This document provides a comprehensive guide for setting up and using the LENSES project. It covers environment setup, backend and frontend configuration, system usage, future vision, and details about the Flask server and its features.

---

![LENSES Project](https://github.com/itsPreto/lenses/blob/main/frontend/public/animated.gif)

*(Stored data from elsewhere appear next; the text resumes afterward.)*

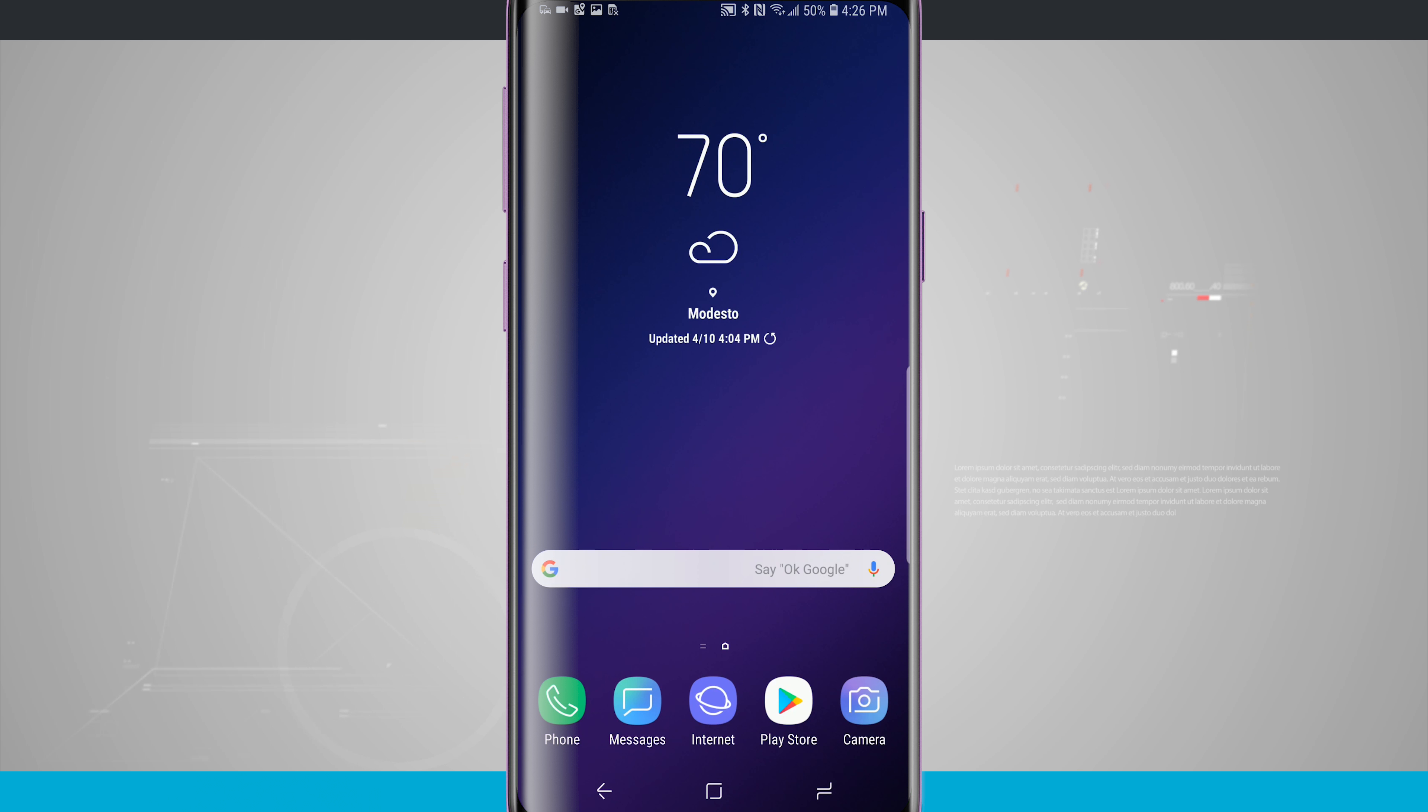Welcome to State of Tech. Let's take a look at how to adjust the vibration intensity on your Galaxy S9 and S9 Plus.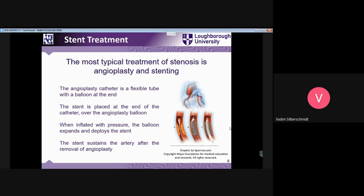Angioplasty is the way when a special catheter — a flexible tube with a balloon — is put inside the artery. Then it is blown up. In this way, when pressure is provided, it spreads the plaque inside the artery.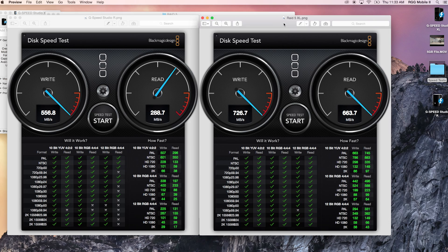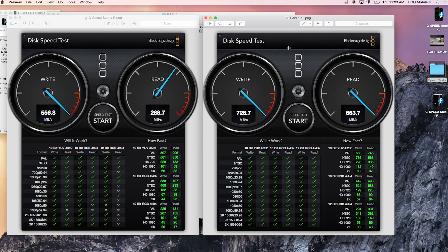Let's compare that with its big brother, the G-Speed Studio XL. Compared to the smaller 24 terabyte unit, this one is considerably faster — testing good for everything except 1080 60 frames at 12-bit 4:4:4. Write speed is 726 compared to 556, and read speed is 663 compared to 288.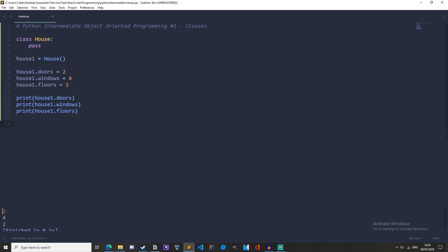So if we run this we can see we get two, four and two. So we're printing out doors. We've got two doors, four windows and two floors.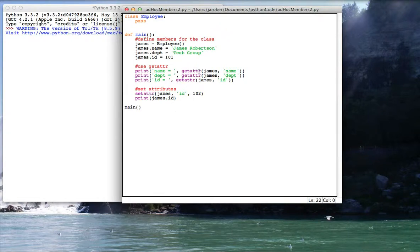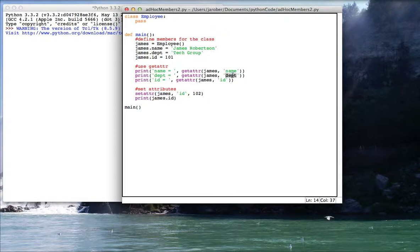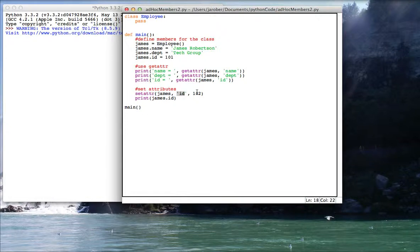To use getattr, I need the instance object and the name of the attribute I'm getting. Again, instance object, name of the attribute I'm getting, and so on. For setattr, it's the instance, the string name of the field I'm setting, and the value I'm setting into it.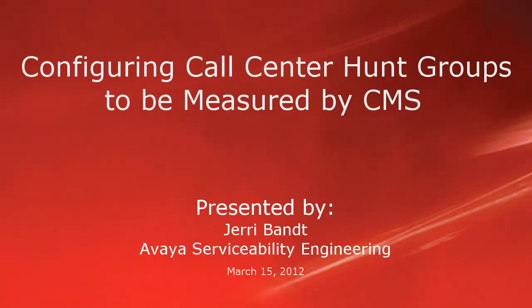Hello, my name is Jerry Bant with the Avaya Serviceability Engineering team. This video will demonstrate how to configure call center hunt groups to be measured by Call Management System or CMS.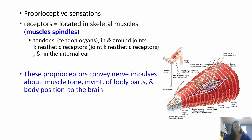Proprioceptive sensations in skeletal muscles are very important because they tell your brain where your body is in space. They convey nerve impulses about muscle tone, movement of body parts, and body position. If your brain doesn't realize you're laying down or standing up, that can cause significant problems.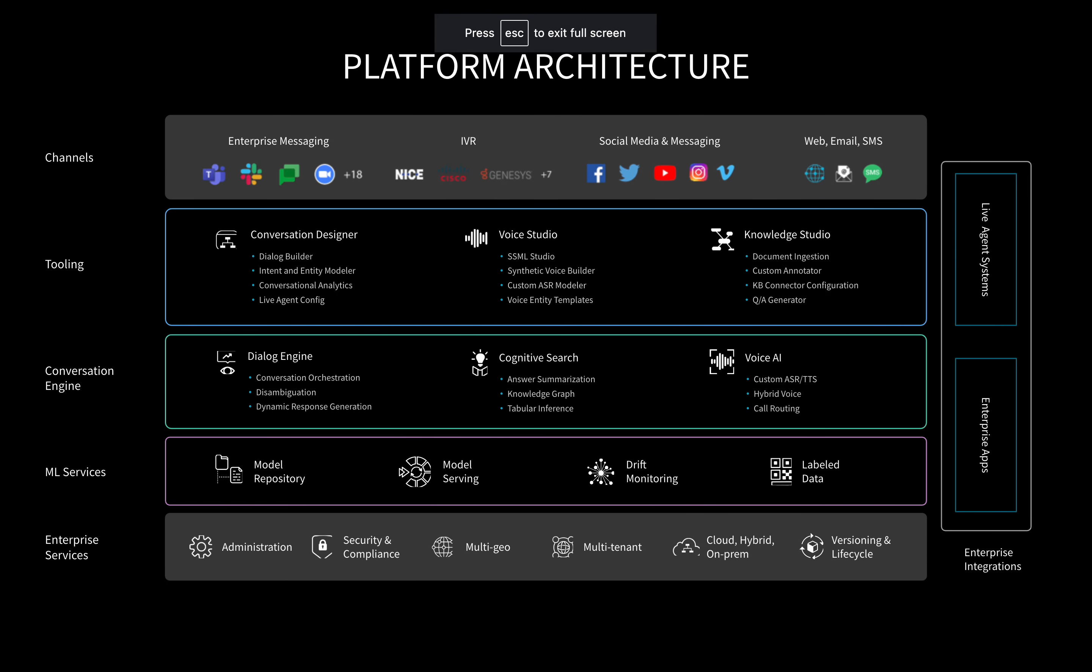And there you have it. This was an overview of our dialogue engine, which is one of three runtime engines that enable Avamo's IVAs to automate conversations for the enterprise. Hope you found that interesting. Please make sure to visit avamo.ai or our YouTube channel for more information. Thank you very much.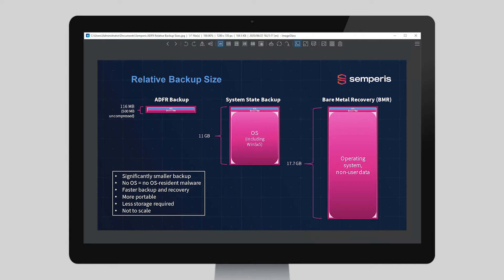Finally, you can recover from a production network to a disaster recovery or isolated lab network. This means you can finally create an AD test lab with just a few mouse clicks, avoiding the very tedious manual process.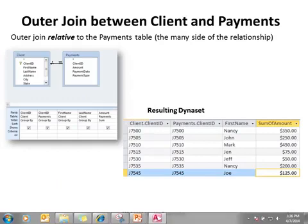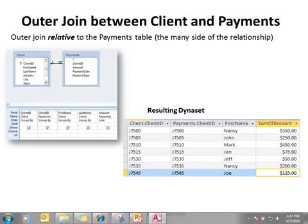Now let's look at an outer join between the client and payments table relative to the payments table. Notice the arrow. We're creating the same query. In this case, you have the resulting Dynaset. There are 16 records in the client table, but we're not displaying all those records because we are only displaying all the records from the payments table and only matching records from the client table. If we had any orphans — which we shouldn't because we should create this database orphan-free — it would show the orphan from the payments table and no client ID associated with it.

## Note: the project comes with an example codebase already processed: [Spring-AI](https://github.com/spring-projects/spring-ai)
## To quickly launch the frontend `cd frontend` then `npm install` & `npm start` and you should see the UI be brought up.

---

## 1. Environment Setup

### 1.1 Python Environment
1. Ensure Python 3.8+ is installed.
2. Create a virtual environment:
```sh
python -m venv lenses_env
```
3. Activate the virtual environment:
- Windows: `lenses\Scripts\activate`
- Mac/Linux: `source lenses-env/bin/activate`

### 1.2 Install Python Dependencies
Use the requirements.txt file:
```sh
pip install -r requirements.txt
```

### 1.3 Node.js and npm
Ensure Node.js and npm are installed for the frontend.

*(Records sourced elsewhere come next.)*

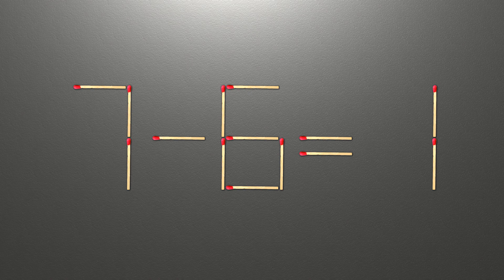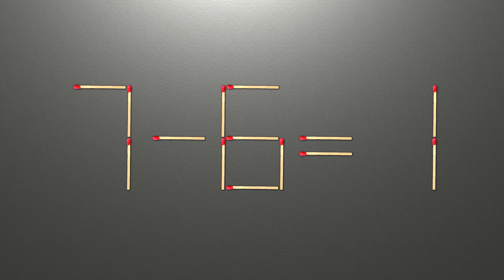Now, when we check the equation, 7 minus 6 is 1 and 1 equals 1. Now our equality is correct.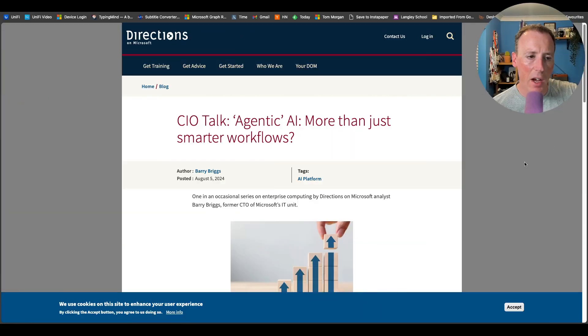Since it's a quieter week, we can go elsewhere to get a feel for what the industry thinks about some of the stuff Microsoft's been doing. My next pick is the Directions on Microsoft blog, where Mary Jo Foley is now. Someone there — Barry Briggs, an analyst at Directions on Microsoft and former CTO of Microsoft IT — has written an interesting blog post about what he calls agentic AI, which is becoming an interesting term.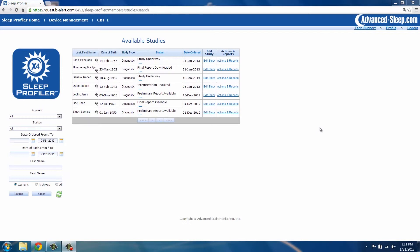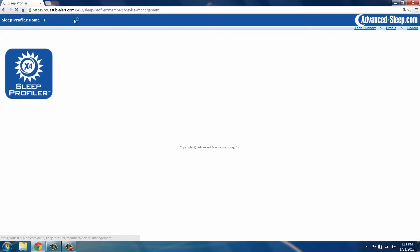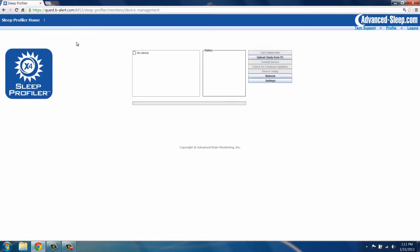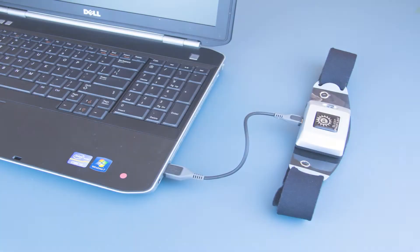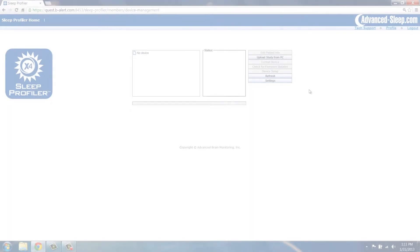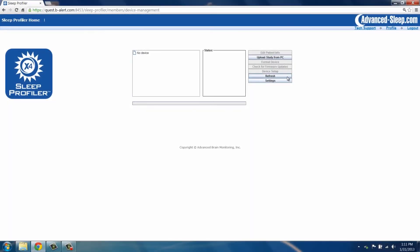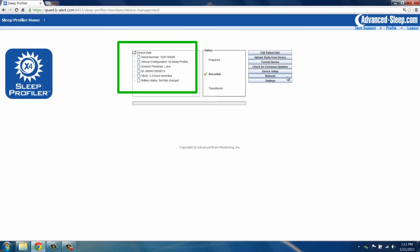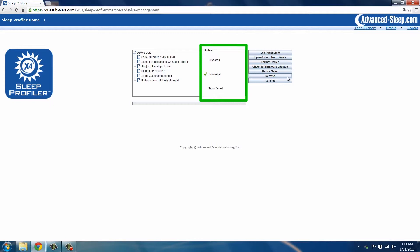To do this, on the Sleep Profiler home page, select the Device Management button. Connect the device to your computer using the micro-USB cable. Click the Refresh button. The device serial number will appear under Device Data.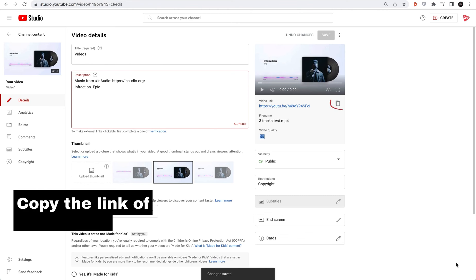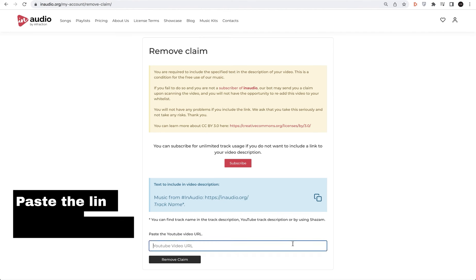Copy the link of your video. Then paste the link and click remove claim.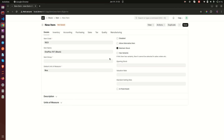Going up here, there is a checkbox that says 'Disabled' — if you check it, this item will not be available for any transaction. Then there is 'Allow Alternative Item' — if you check this, the item will allow you to set up other items that can be used on its behalf, essentially as replacements.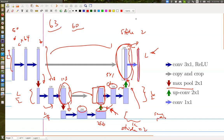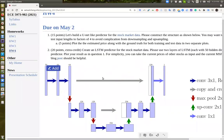Any questions on this? As usual, you do training with the training data and test with the test data, and you want to plot the estimated price alongside the ground truth for both training and testing data in two separate plots. There's also an extra credit part.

### 1.4 Local Embedding Server Setup (Ollama)

Ollama allows running AI models locally. To set it up:

1. Install Ollama from [ollama.ai/download](https://ollama.ai/download).
2. Start the Ollama server:
```sh
ollama serve
```
3. Pull the required models:
```sh
ollama pull unclemusclez/jina-embeddings-v2-base-code:q4
ollama pull qwen2:7b
```

To use different models:
1. Browse the [Ollama Model Library](https://ollama.com/library)
2. Pull a model:
```sh
ollama pull model_name:variant
```
Example: `ollama pull llama2:13b-chat-q5_1`

3. List installed models:
```sh
ollama list
```

To use a different model, update `app.py` or `rag.py`:

```python
CODE_EMBEDDING_MODEL = "new_embedding_model"
LLM_MODEL = "new_llm_model"
```

## 2. Backend Setup

### 2.1 Directory Structure
Ensure the project structure is as follows:
```
LENSES/
├── app.py
├── rag.py
├── requirements.txt
├── flask_server.py // this is WIP
├── utils/
│ └── grammar/
│ ├── ast_traversers.py
│ └── language_grammars.so
├── frontend/
│ └── public/
│ └── api/
│ ├── graph-data/
│ └── tree-node-data/
└── assets/
```

### 2.2 Processing Repositories
1. Place repositories to analyze in a directory.
2. Run the processing script:
```sh
python app.py process --root_dir /path/to/repos
```
This generates JSON files in `frontend/public/api/`.

## 3. Frontend Setup

### 3.1 Install Frontend Dependencies
In the frontend directory:
```sh
cd frontend
npm install
```

### 3.2 Configure API Endpoints
Ensure correct API endpoints in React components.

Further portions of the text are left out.